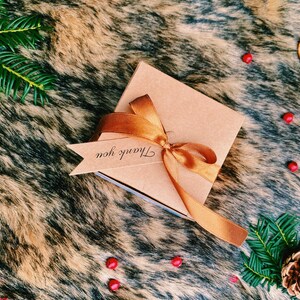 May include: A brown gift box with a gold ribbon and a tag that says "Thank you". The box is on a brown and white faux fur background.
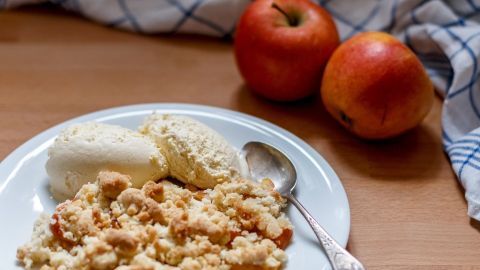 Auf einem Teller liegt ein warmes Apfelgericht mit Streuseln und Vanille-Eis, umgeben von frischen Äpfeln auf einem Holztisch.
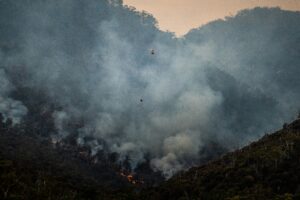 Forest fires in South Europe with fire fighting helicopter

* * *

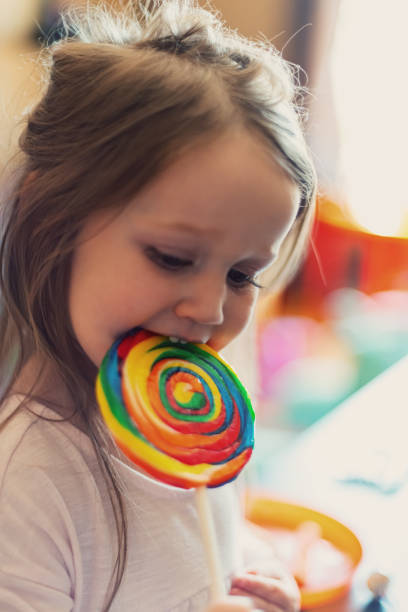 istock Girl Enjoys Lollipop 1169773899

TASK BRIEF: The answer is the lines of the material above, from the one containing "Auf einem Teller" down to the one containing "Forest fires in", given exactly and without images.

FINAL ANSWER:
 Auf einem Teller liegt ein warmes Apfelgericht mit Streuseln und Vanille-Eis, umgeben von frischen Äpfeln auf einem Holztisch.
 Forest fires in South Europe with fire fighting helicopter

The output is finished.